Bioinformatics analysis of the detected variants

The web-based tools SIFT, PolyPhen, PON-P2 and ESEfinder were used to make a preliminary functional evaluation of the variants detected in the 30 sporadic IPF patients and in the 30 healthy controls. The Sorting Intolerant from Tolerant: (SIFT; http://sift.jcvi.org/) algorithm was used to predict the effect of an amino acid substitution on protein function. The scores ranged from 0 to 1, where 0 denotes damaging and 1 denotes neutral39. For the PolyPhen-based prediction (http://genetics.bwh.harvard.edu/pph2/), the results shown as benign would be considered nonfunctional variants, while those found to be possibly or probably damaging were considered functional40. PON-P2 (http://structure.bmc.lu.se/PON-P2/) is a new computational profiling tool for classifying the amino acid substitutions resulting from DNA variations: it classifies these into pathogenic, unknown and neutral based on the forecast probability score41. ESEfinder was used to predict whether the exonic variations could disrupt or produce putative exonic splicing enhancers (ESE), which are response elements for the human SR proteins (SF2/ASF, SC35, SRp40 and SRp5542, which are involved in pre-mRNA splicing).

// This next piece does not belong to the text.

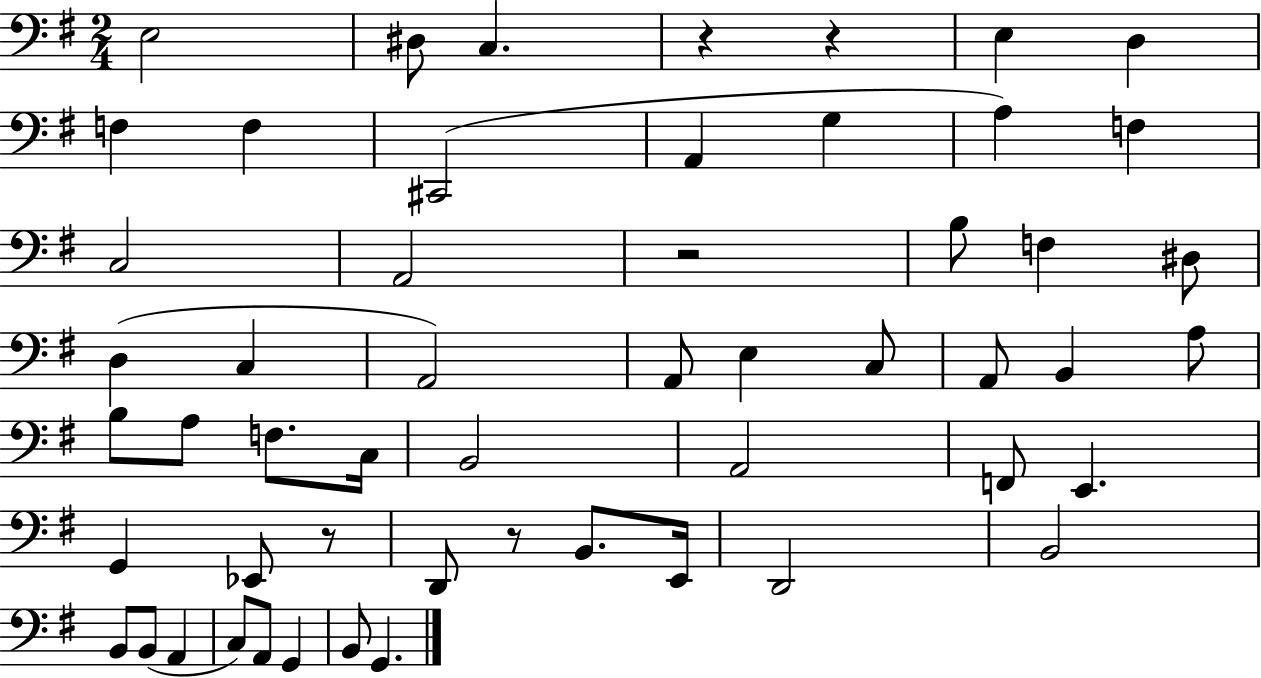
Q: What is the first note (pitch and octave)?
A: E3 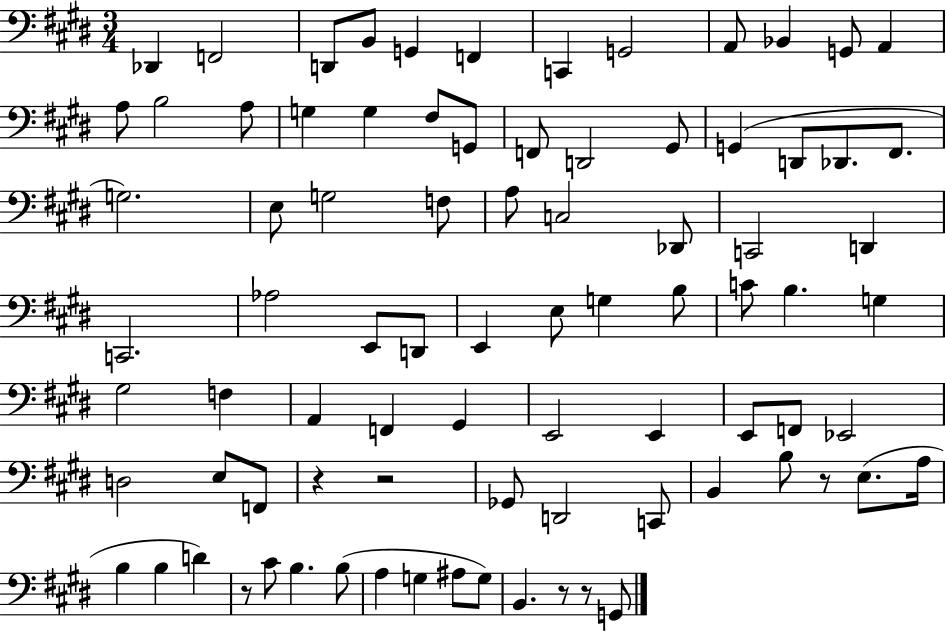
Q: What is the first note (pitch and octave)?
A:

The program can score the input sequences, and the scores above a default threshold value were predicted to act as ESEs (ESEfinder3.0, http://rulai.cshl.edu/cgi-bin/tools/ESE3/esefinder.cgi).

Cohort analysis on the detected variants

Some of the ABCA3 variants detected in the 30 sporadic IPF patients had cohort analysis performed on them, with a comparison between ILD patients and healthy individuals in a larger sample set. Real-time PCR with the TaqMan probe (Applied Biosystems, Foster City, CA) was used to genotype the selected variants in the recruited ILD (IPF and CTD-ILD) patients, pneumonias patients and healthy controls. We used a 10 μl reaction system containing 2.5 μl of Taqman universal genotyping master mix, 0.125 μl of Taqman 20 × SNP assay, 1.5 μl of DNA (5 ng/μl), with the remaining volume consisting of autoclaved reverse-osmosis-purified water. The reactions were performed using a Viia7 Fast Real-time PCR system (Applied Biosystems). The PCR cycle included a 95 °C 10-minute hot start, followed by 40 cycles of two-step PCR (15 seconds at 95 °C for denaturing and 1 minute at 60 °C for annealing and extension). Digital PCR analysis software (TaqMan GenoTyper v1.3) was used to process the data. To validate the genotyping results of the TaqMan assay, we performed sequencing on all of the samples that had been assessed to carry the checked variations in ABCA3, and more than ten samples were shown to be non-carriers.

Statistical analysis

The statistical program SPSS version 19.0 was used to carry out the statistical analysis of the associations between the genotypes and disease status. We performed Fisher’s exact test to compare the frequencies of the variants between the patient and control groups (P < 0.05 was considered statistically significant). For risk assessment, we used an unconditional logistic regression to calculate the odds ratios (OR) and 95% confidence intervals (95% CI). However, Bonferroni correction was employed to adjust the significance level in the case of multiple comparisons.